Orforglipron shows superior HbA1c reduction versus oral semaglutide in adults with type 2 diabetes on metformin

This phase 3, randomized, double-blind, double-dummy, active-controlled trial was conducted across 131 medical research centers and hospitals in Argentina, China, Japan, Mexico, and the United States. The study enrolled 1698 adults (≥18 years) with type 2 diabetes inadequately controlled with metformin (≥1500 mg per day), a baseline glycated hemoglobin (HbA1c) between 7.0% and 10.5% (53-91 mmol/mol), and a body mass index (BMI) of at least 25 kg/m². Participants were randomly assigned to one of four treatment arms for a 52-week treatment period.

The intervention was once-daily oral orforglipron at doses of 12 mg or 36 mg. The comparator was once-daily oral semaglutide at doses of 7 mg or 14 mg. All participants continued their background metformin therapy. The study employed a double-dummy design to maintain blinding.
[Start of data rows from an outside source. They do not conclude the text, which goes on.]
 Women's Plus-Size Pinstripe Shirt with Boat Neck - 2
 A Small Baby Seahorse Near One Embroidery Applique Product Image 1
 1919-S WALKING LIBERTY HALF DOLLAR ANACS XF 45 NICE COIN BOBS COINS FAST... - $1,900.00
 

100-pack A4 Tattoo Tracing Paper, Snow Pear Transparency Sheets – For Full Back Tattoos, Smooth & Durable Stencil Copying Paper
The primary outcome was the mean change from baseline in HbA1c at week 52, assessed for non-inferiority with a margin of 0.3% in the intention-to-treat population. Using the treatment regimen estimand, the mean baseline HbA1c was 8.3%. At week 52, the mean change was -1.71% (SE 0.07) for orforglipron 12 mg, -1.91% (SE 0.08) for orforglipron 36 mg, -1.23% (SE 0.05) for semaglutide 7 mg, and -1.47% (SE 0.06) for semaglutide 14 mg. The estimated treatment differences demonstrated superiority of orforglipron: orforglipron 12 mg was superior to semaglutide 7 mg by -0.48% (95% CI -0.65 to -0.31, p<0.0001); orforglipron 36 mg was superior to semaglutide 14 mg by -0.44% (95% CI -0.62 to -0.26, p<0.0001). Cross-dose comparisons also favored orforglipron: orforglipron 12 mg vs. semaglutide 14 mg (-0.24%, 95% CI -0.41 to -0.072, p=0.0050) and orforglipron 36 mg vs. semaglutide 7 mg (-0.68%, 95% CI -0.85 to -0.50, p<0.0001).

Key secondary outcomes were not reported in the provided abstract data. Therefore, the comparative effects on other critical endpoints like body weight, fasting plasma glucose, or cardiovascular risk markers remain unknown from this summary.
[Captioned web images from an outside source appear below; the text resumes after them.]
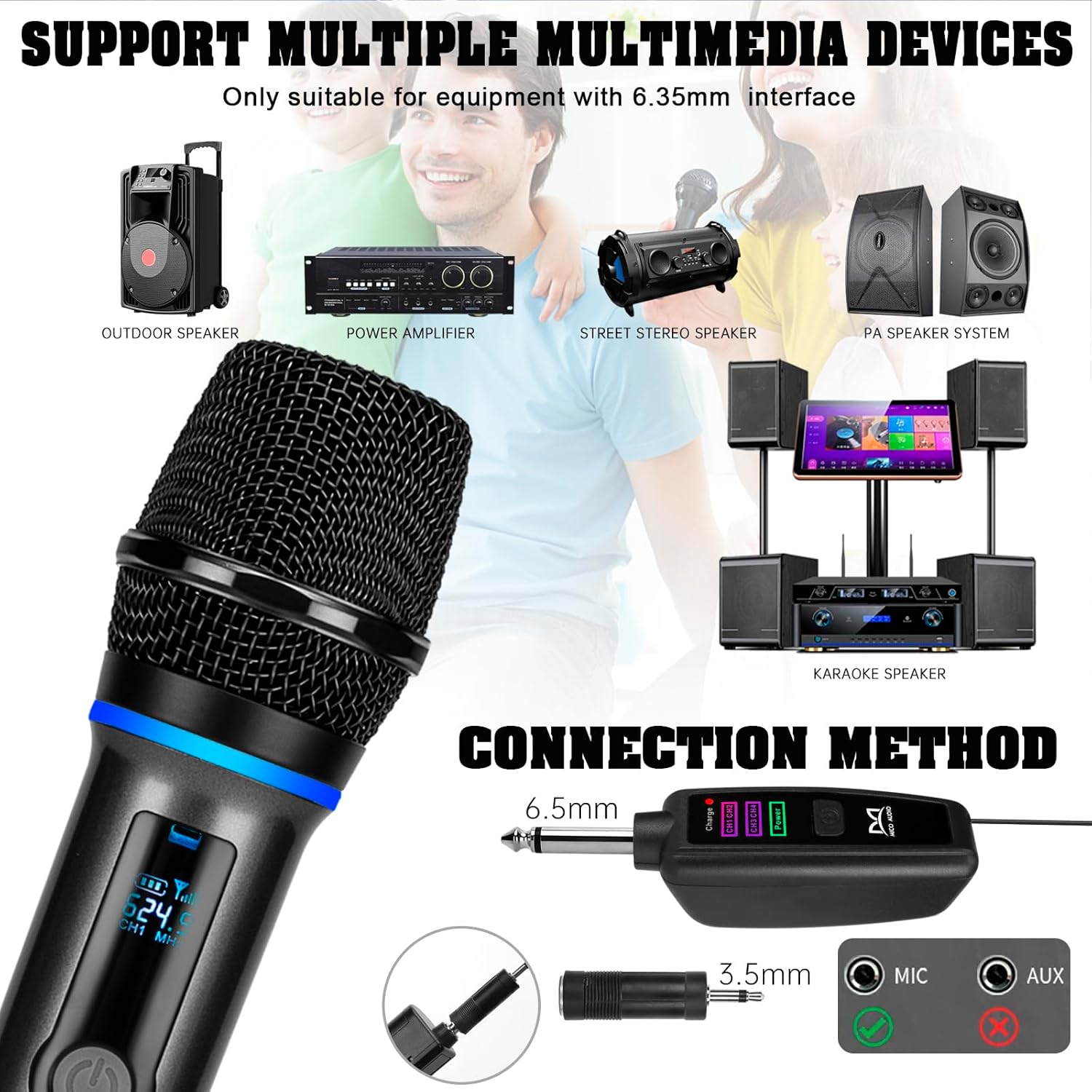 QiCheng&LYS 4 Wireless Microphones with Rechargeable Receiver, 2.4G Cordless Mics with Volume Control, Handheld Dynamic Mic System for Church Singing Karaoke Wedding, 200ft
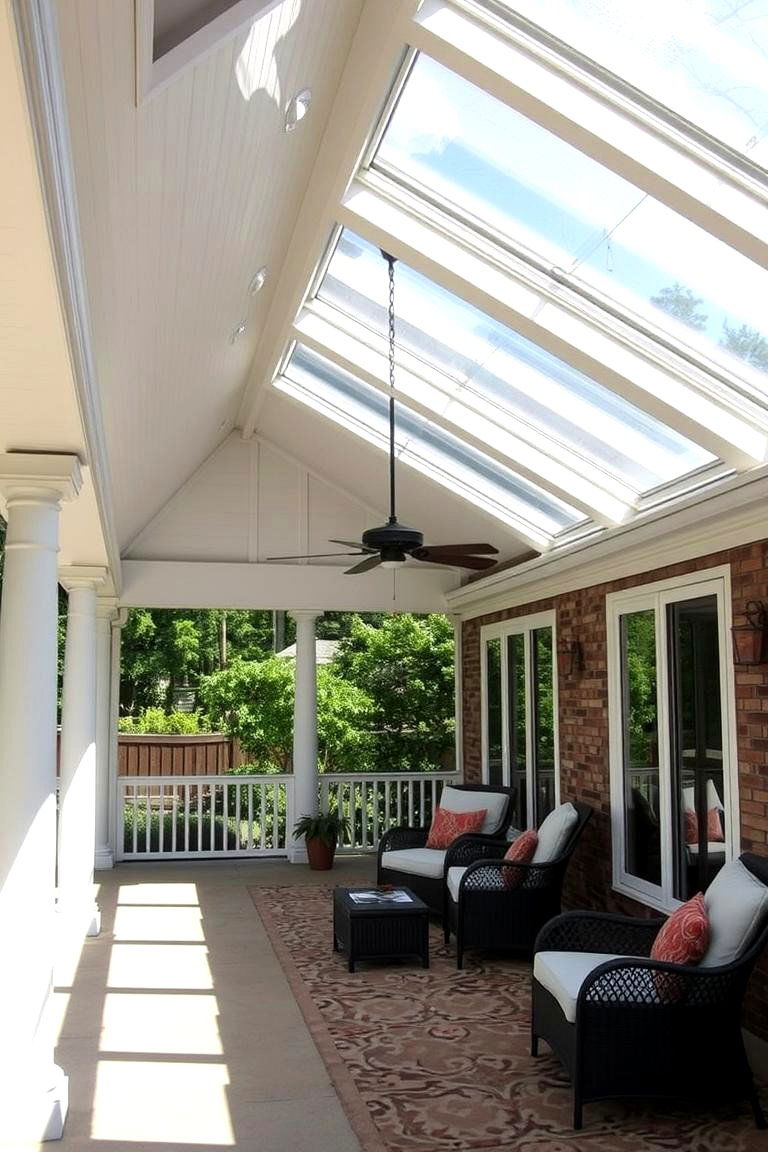 Covered Porch with Skylights - 24 Modern Front Porch Ideas
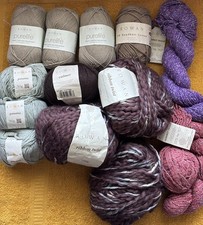 Bundle Of Mixed Rowan Yarn - Ribbon Twist, Purelife, Summer Tweed, Calmer,Panama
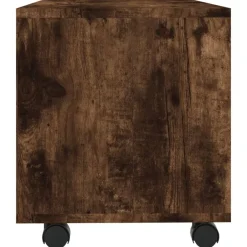 vidaXL Mueble TV con ruedas madera contrachapada roble humo 90x35x35cm Roble ahumado Online
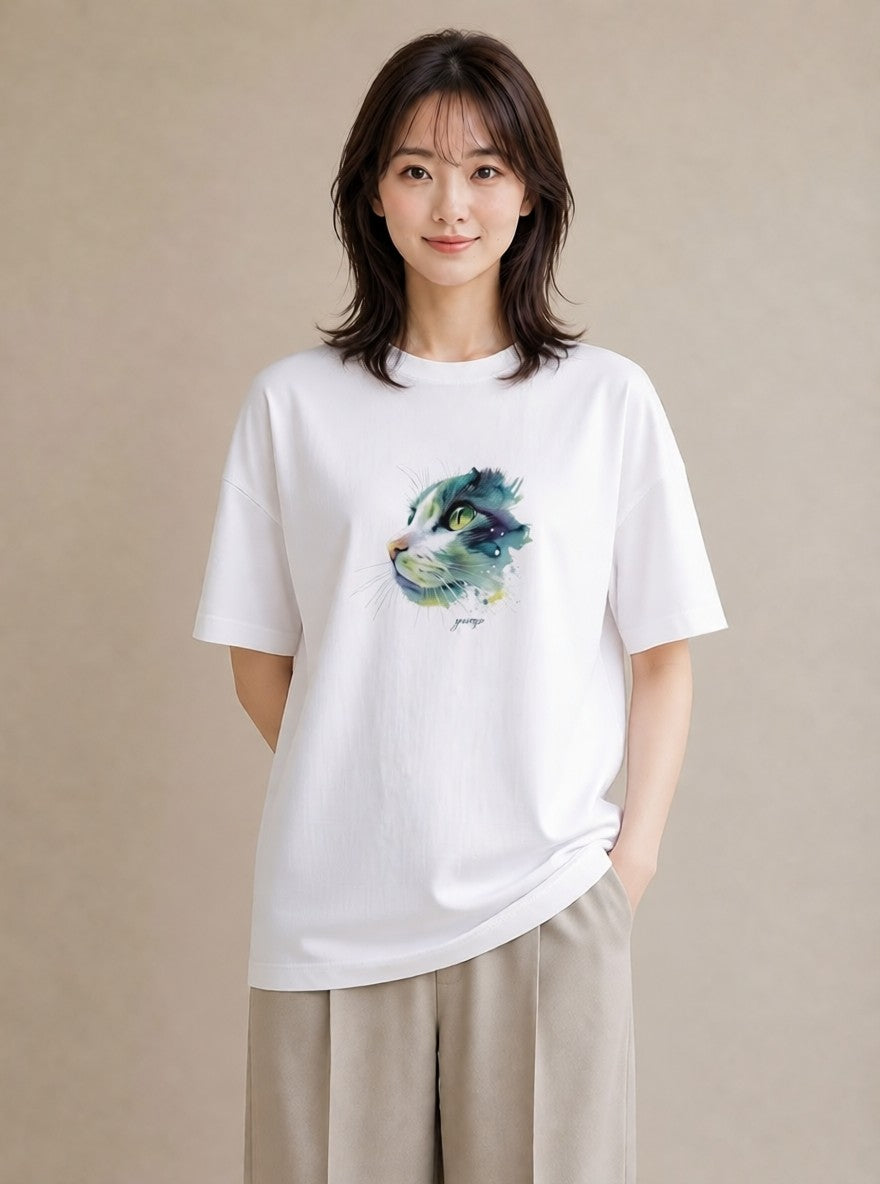 半袖Tシャツ レディース スコティッシュフォールド 猫 ねこ イラスト カフェコーデ 部屋着 女性向けギフト 白T YMAZO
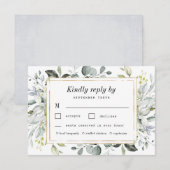 Dusty Blauwe Maaltijd Keuze Goud Elegant Bloemen B RSVP Kaartje (Voorkant / Achterkant)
Safety and tolerability findings showed a higher incidence of gastrointestinal adverse events with orforglipron. These events occurred in 249 of 424 participants (59%) on orforglipron 12 mg and 245 of 423 (58%) on orforglipron 36 mg, compared to 157 of 426 (37%) on semaglutide 7 mg and 193 of 425 (45%) on semaglutide 14 mg. Most events were mild to moderate. Discontinuation rates due to adverse events were higher with orforglipron: 37 of 424 (9%) for the 12 mg dose and 41 of 423 (10%) for the 36 mg dose, versus 19 of 426 (4%) for semaglutide 7 mg and 21 of 425 (5%) for semaglutide 14 mg. The abstract also noted a mean increase in pulse rate with orforglipron, though specific numerical data were not provided. Rates of serious adverse events were not reported.

These results position oral orforglipron as a potentially more potent glucose-lowering agent than the currently available oral GLP-1 receptor agonist, semaglutide. Prior landmark studies with injectable GLP-1 receptor agonists and oral semaglutide established this class as effective for glycemic control and weight loss. This trial suggests orforglipron could offer a new, highly effective oral option, though with a different tolerability profile.
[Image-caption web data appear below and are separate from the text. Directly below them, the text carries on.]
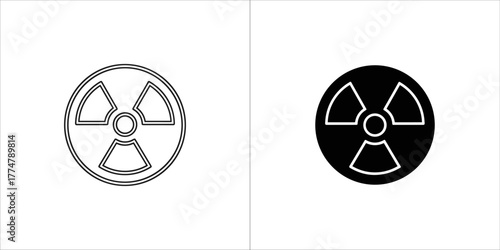 Radiation hazard symbol in outline and solid black
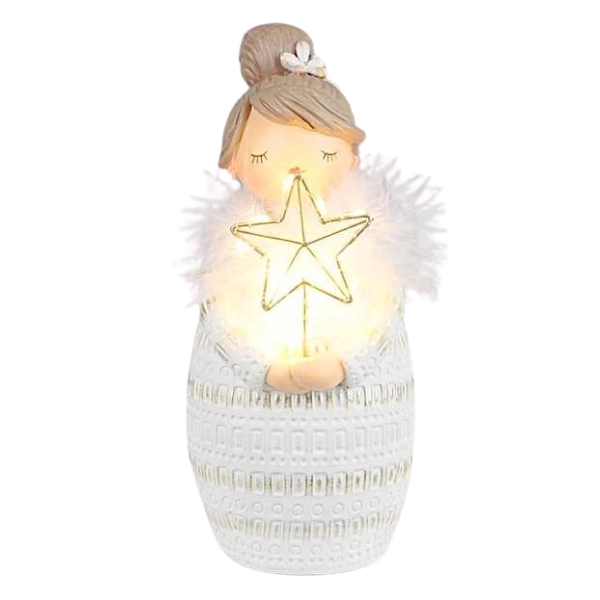 ANIOŁ POLYRESIN Z LED 23CM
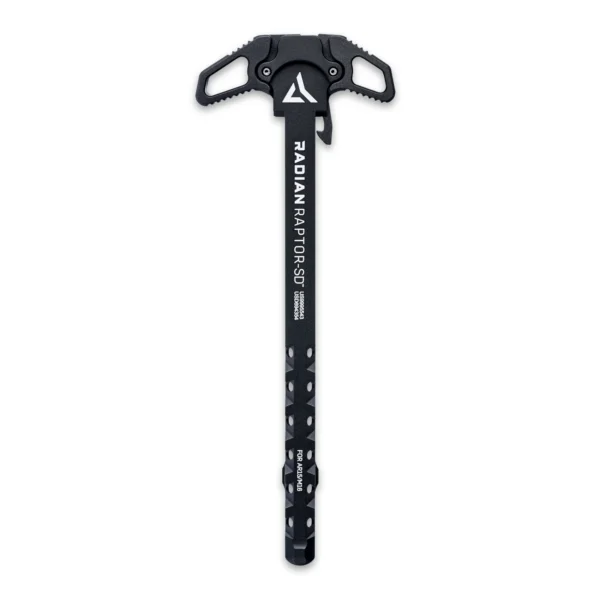 Radian Weapons Raptor SD black charging handle in vertical top view with ambidextrous levers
Key methodological limitations include the presentation of data in abstract form, which lacks the full detail of a peer-reviewed publication. The absence of reported secondary outcomes, particularly body weight change, is a significant gap. The study duration of 52 weeks is adequate for glycemic outcomes but may be insufficient to fully characterize long-term safety, especially cardiovascular effects. The population was limited to those on metformin monotherapy, so results may not generalize to patients on other background regimens or with different comorbidities.

The clinical implications are that orforglipron, if approved, may represent a more potent oral alternative for HbA1c reduction in patients with type 2 diabetes inadequately controlled on metformin. However, clinicians must weigh its superior efficacy against a higher burden of gastrointestinal side effects and a higher rate of treatment discontinuation due to adverse events compared to oral semaglutide. The increase in pulse rate also warrants monitoring.

Several important questions remain unanswered. The full impact on body weight, a key driver for GLP-1 receptor agonist use, is unknown. Long-term cardiovascular and renal safety data are absent. The optimal dosing strategy and titration schedule to manage gastrointestinal tolerability are not defined. Furthermore, the cost-effectiveness and place in therapy relative to other advanced agents, including injectable GLP-1 receptor agonists and dual agonists, require future study.